On May 10, Microsoft attorney J. K. Weston fired off a letter to Acton, Mass.-based Andover.net, which publishes Slashdot, demanding that the material be removed.

“That entire mentality is completely against the whole open-source objective. Microsoft just doesn’t get it,” said Dean Williams, a network engineer at Yesmail.com, a Chicago-based permission e-mail marketing company that uses Windows 2000. “You can charge money for anything that you add to open source, but you have to make the source code available to anyone who wants to use it.”
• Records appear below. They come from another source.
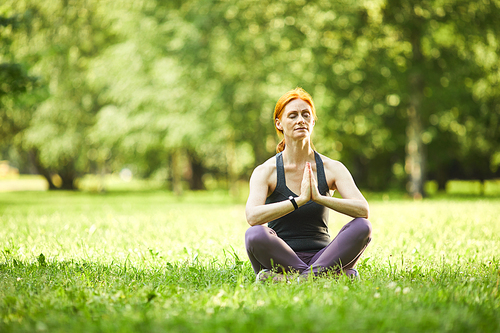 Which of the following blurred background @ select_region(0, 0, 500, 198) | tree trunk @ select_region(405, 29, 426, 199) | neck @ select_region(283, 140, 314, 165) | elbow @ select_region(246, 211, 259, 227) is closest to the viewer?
elbow @ select_region(246, 211, 259, 227)

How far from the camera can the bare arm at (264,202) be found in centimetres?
326

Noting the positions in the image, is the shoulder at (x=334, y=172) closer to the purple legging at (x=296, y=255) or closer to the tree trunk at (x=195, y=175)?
the purple legging at (x=296, y=255)

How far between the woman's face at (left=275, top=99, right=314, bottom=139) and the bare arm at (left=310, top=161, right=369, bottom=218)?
15.2 inches

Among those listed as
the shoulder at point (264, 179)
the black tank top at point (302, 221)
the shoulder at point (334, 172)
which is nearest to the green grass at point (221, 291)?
the black tank top at point (302, 221)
Slashdot Editor in Chief Robin Miller refused to delete the 11 messages that Microsoft insists are illegal under the DMCA. Instead, Slashdot shot back with a letter from its attorney, Mark D. Robbins, questioning Microsoft’s legal claims. Andover.net is concerned about deleting the user postings “given their apparent relevance to issues in the current antitrust litigation between Microsoft and the government,” Robbins said.

The letter drafted by Robbins disregarded Microsoft’s copyright concerns, said Adam Sohn, the public relations manager for Microsoft’s inside platforms division.

According to Microsoft, the Kerberos licensing agreement was put in place to protect Microsoft’s intellectual property on the use of an undefined data field left open for Kerberos Version 5.0, which allowed developers to store authorization data for the Windows 2000 operating system. While Microsoft published this code, it forced users to agree to a licensing restriction that identifies the material as “confidential information and a trade secret.”